Nach Angaben des CDU-Ortsunionsvorsitzenden Torsten Schneider haben sich die an dem Wettbewerb teilnehmenden Bürger sehr ernsthaft mit dem Thema befasst, ein Dutzend Vorschläge standen abschließend zur Auswahl.
Den Vorschlag für den besten optischen Blickfang unterbreitete Judith Krauter. Sie hatte das inzwischen installierte Mühlenrad favorisiert. Mit ihrem Vorschlag hat Judith Krauter an die Neuenrader Historie erinnert. Von 1713 bis 1900 - so hatte Unionsvorsitzende Schneider recherchiert - gab es im Bereich der heutigen Firma Büsche die einstige Gertrudenmühle. Neben dem Mühlenrad gibt es bereits die Ortsbezeichnung „Neue Mühle".
Den besten Vorschlag zur Namensbezeichnung des Kreisverkehrs unterbreitete Dietrich Maurer, seit Jahren für die Grünen im Rat der Stadt. Der Naturfreund hatte den Begriff „Hönne-Insel" unterbreitet und damit beim sonst politischen Mitbewerber offene Türen eingerannt.
Die Bezeichnung „Hönne-Insel" stehe im nahe liegenden Bezug zur Hönne und passe zum Gesamtbild lobte der CDU-Vorsitzende den Ratskollegen der grünen Fraktion.
Mit dem Wettbewerb habe die CDU Neuenrade bewusst neue Wege beschritten, erklärte Torsten Schneider das Vorschlagsverfahren.

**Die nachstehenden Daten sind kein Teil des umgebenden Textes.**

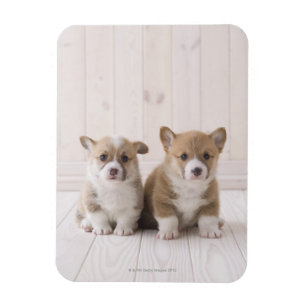 Two Welsh Corgi Sitting Magnet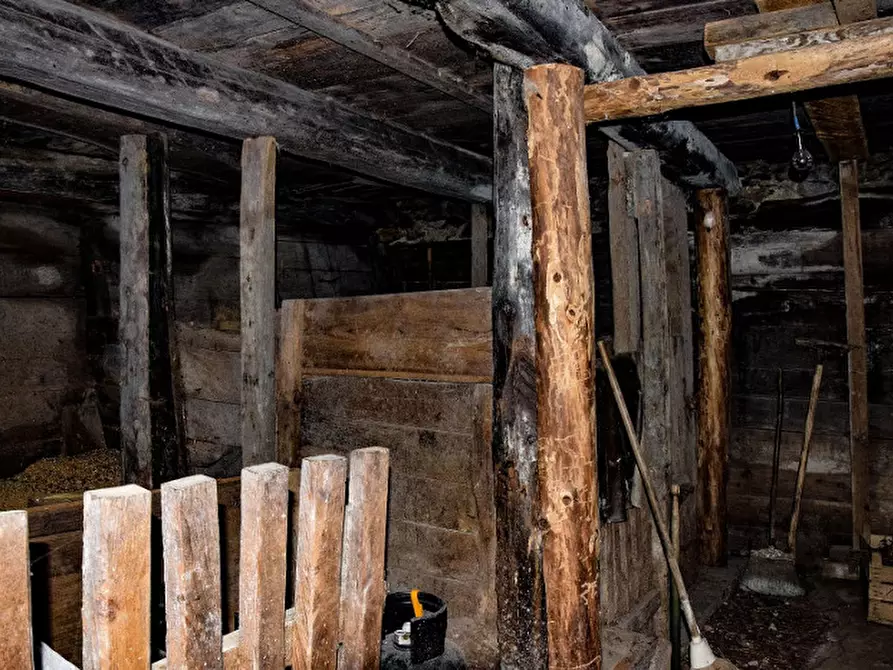 Immagine 18 di Casa indipendente in vendita  in frazione Piazzola a Rabbi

Das Einbeziehen der Meinung der Bevölkerung in lokale Themen komme damit gut zum Ausdruck. Eine Meinungsfindung müsse nicht unbedingt in Parteigremien stattfinden. Sowohl der Begriff der „Hönne-Insel" als auch das „Wasserrad" fand im parlamentarischen Verlauf das einstimmige Votum aller Parteien im Rat der Stadt.
Die Fraktion der Grünen hat inzwischen angeregt, den Betrieb des Wasserrades einschließlich der Beleuchtung durch eine solarbetriebene Anlage zu sichern. Auf Dauer, so am Dienstag Ratsherr Dietrich Maurer, werde das zur umweltschonenden Kostensenkung beitragen.
Die Idee zur Installierung einer Solaranlage sei erst jetzt bei den Grünen entstanden, so Maurer auf WR-Anfrage. Über die Höhe der Kosten konnte er keine Angaben machen, da muss die Verwaltung rechnen.